The AutoRegressive Integrated Moving Average (ARIMA) model, which consist 3 major components:
- The AR part of ARIMA indicates that the evolving variable of interest 𝑦' is regressed on its own lagged (i.e., prior $y_{t-1:t-p}$) values.
- The MA part indicates that the error is actually a linear combination of error terms $\epsilon_{t-1:t-q}$ whose values occurred contemporaneously and at various times in the past.
- The I (for "integrated") indicates that the data values have been replaced with the difference between their values and the previous values (and this differencing process may have been performed more than once) so that the ARIMA could handle the non-stationary data. (Note that the AR, MA and ARMA model are still require a weakly stationary data as input)

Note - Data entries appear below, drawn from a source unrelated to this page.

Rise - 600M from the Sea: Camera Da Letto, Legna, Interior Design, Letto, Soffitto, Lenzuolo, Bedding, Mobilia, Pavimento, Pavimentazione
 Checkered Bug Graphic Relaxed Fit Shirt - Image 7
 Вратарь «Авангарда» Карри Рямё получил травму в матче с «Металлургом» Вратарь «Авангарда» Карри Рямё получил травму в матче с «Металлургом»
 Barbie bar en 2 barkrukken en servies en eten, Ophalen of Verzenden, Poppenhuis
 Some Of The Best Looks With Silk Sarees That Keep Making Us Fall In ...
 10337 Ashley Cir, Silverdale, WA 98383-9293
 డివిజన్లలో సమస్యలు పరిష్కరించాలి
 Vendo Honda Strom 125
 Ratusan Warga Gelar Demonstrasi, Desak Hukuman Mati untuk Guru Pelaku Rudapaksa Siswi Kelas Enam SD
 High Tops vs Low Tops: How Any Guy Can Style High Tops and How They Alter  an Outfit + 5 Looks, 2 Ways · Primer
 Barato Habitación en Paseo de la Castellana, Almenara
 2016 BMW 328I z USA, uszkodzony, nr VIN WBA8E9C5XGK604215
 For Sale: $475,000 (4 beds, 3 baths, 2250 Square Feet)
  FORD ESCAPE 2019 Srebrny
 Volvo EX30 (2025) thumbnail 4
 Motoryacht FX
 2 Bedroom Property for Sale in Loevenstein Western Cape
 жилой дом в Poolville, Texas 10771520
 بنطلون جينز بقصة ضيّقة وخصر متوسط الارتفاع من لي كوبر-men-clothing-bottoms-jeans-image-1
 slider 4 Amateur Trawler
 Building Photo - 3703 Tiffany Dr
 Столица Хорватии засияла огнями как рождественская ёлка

The purpose of each of these features is to make the model fit the data as well as possible. 

In this week, we mainly focus on the implementation of AR model. Mathematically, an AR model of order $p$ is defined as:

$$y_{t} = c + \phi_{1}y_{t-1} + \phi_{2}y_{t-2} + \phi_{3}y_{t-3} \dots \phi_{p}y_{t-p} + \epsilon_{t}$$

$$ y_{t} = c + \sum_{i = 1}^{p} \phi_{i}y_{t-i} + \epsilon_{t}$$

where c is a constant value, $\phi_{1} \dots \phi_{p}$ are the parameters for the model, and $\epsilon_{t}$ is white noise.

This can be equivalent to the backshift representation with the operator $L$ as:

$$ y_{t} = c + \sum_{i = 1}^{p} \phi_{i}L^{i}y_{t} + \epsilon_{t}$$

So that moving the summation term to the left side and using polynomial notation, we have:

$$ \epsilon_{t} = y_{t} - \sum_{i = 1}^{p} \phi_{i}L^{i}y_{t} - c$$

$$ \epsilon_{t} = (1 - \sum_{i = 1}^{p} \phi_{i}L^{i})(y_{t} - \mu)$$

Where $\mu = c/(1 − \sum_j \phi_{j})$.

An AR model can thus be viewed as the output of a filter which input is white noise.

However, for an AR(p) model, some parameter constraints are necessary for the model to ensure weakly stationary. More specifically, processes in the AR(1) model with only $| \phi_{1} < 1 |$ could be viewed as __weakly stationary__.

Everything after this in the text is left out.